LE RÉCONFORT
Dans les sous-sols du Centre d’études spatiales de Toulouse, Thomas Batta, un des chefs cuisiniers les plus prometteurs de sa génération, patientait pour un rendez-vous dont il ignorait complètement l’objet. À son arrivée, il avait transmis à un jeune homme austère sa lettre de convocation, signée du ministère de la Défense. Le jeune homme austère avait saisi un combiné téléphonique, signalé que Monsieur Thomas Batta était là, puis une jeune femme, pas plus souriante, était arrivée depuis le fond de la salle d’accueil. Elle avait tendu à Thomas deux badges à porter autour du cou, pour l’escorter ensuite le long de trois couloirs, lui faire badger deux portes, longer un hall menant à un ascenseur, qui descendit deux étages, menant à un quatrième couloir, dont elle ouvrit la dernière porte, révélant une salle d’attente.
— Les professeurs Lespert et Clavio sont encore en réunion, ils ne devraient plus beaucoup tarder.
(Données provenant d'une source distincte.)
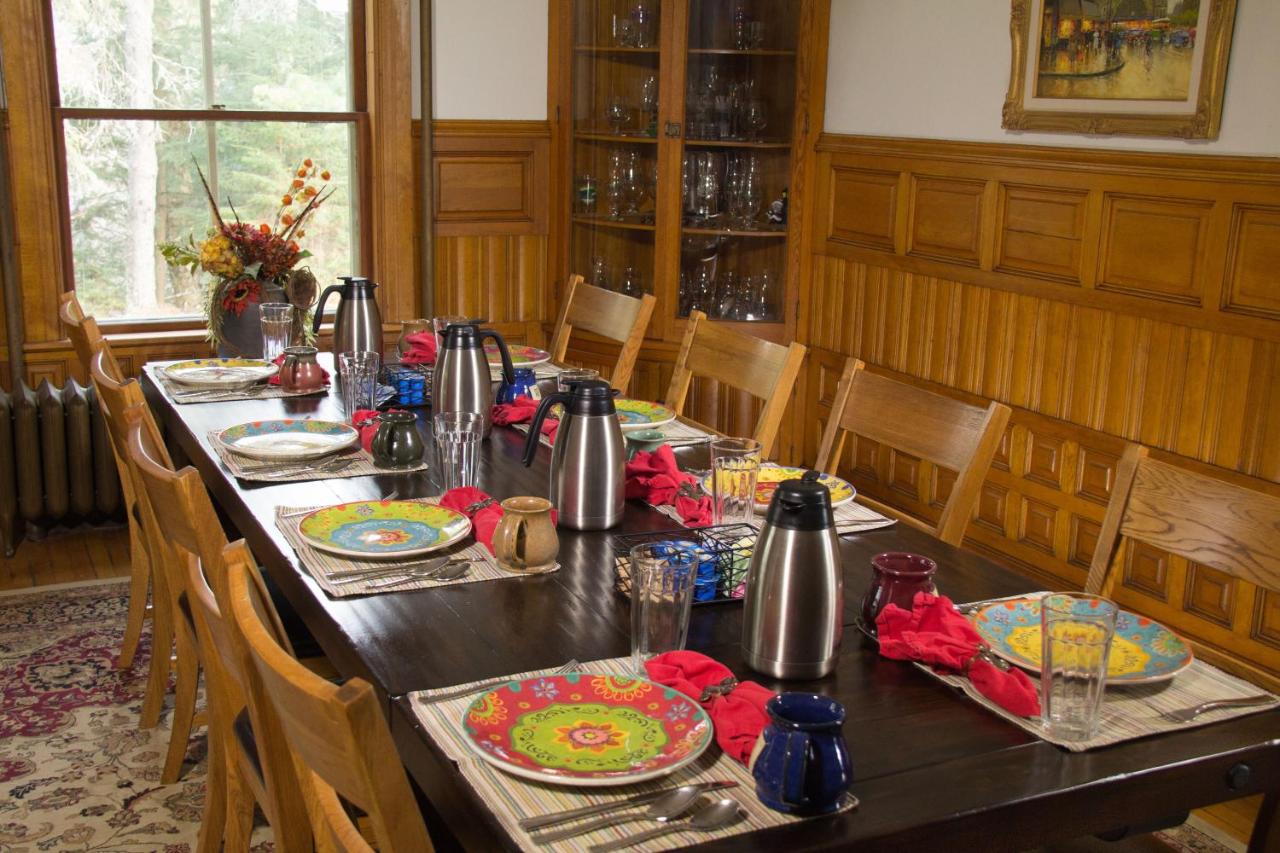 Pinehurst Inn Bed & Breakfast est une maison d'hôtes gay friendly à Bayfield dans le Wisconsin aux États-Unis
Lespert. Clavio. C’était la première fois que Thomas avait enfin un indice sur les personnes qu’il devait rencontrer ici, et qui avaient été à l’origine de cette mystérieuse lettre de convocation. Une lettre de convocation! Personne ne l’avait jamais convoqué de sa vie, et son premier réflexe avait été bien sûr de refuser de venir. Son assistant avait tenté d’appeler, pour ressortir du coup de fil en sueur : on ne pouvait pas refuser une convocation du ministère de la Défense. Quand bien même s’appelait-on Thomas Batta, quand bien même avait-on la charge de cinq restaurants (tous étoilés) à travers le monde, on ne pouvait pas refuser une telle convocation. La vexation de Thomas fut telle, et cette convocation si incompréhensible, que cela avait fini par l’intriguer. Que pouvaient bien lui vouloir le Centre national d’études spatiales et le ministère de la Défense?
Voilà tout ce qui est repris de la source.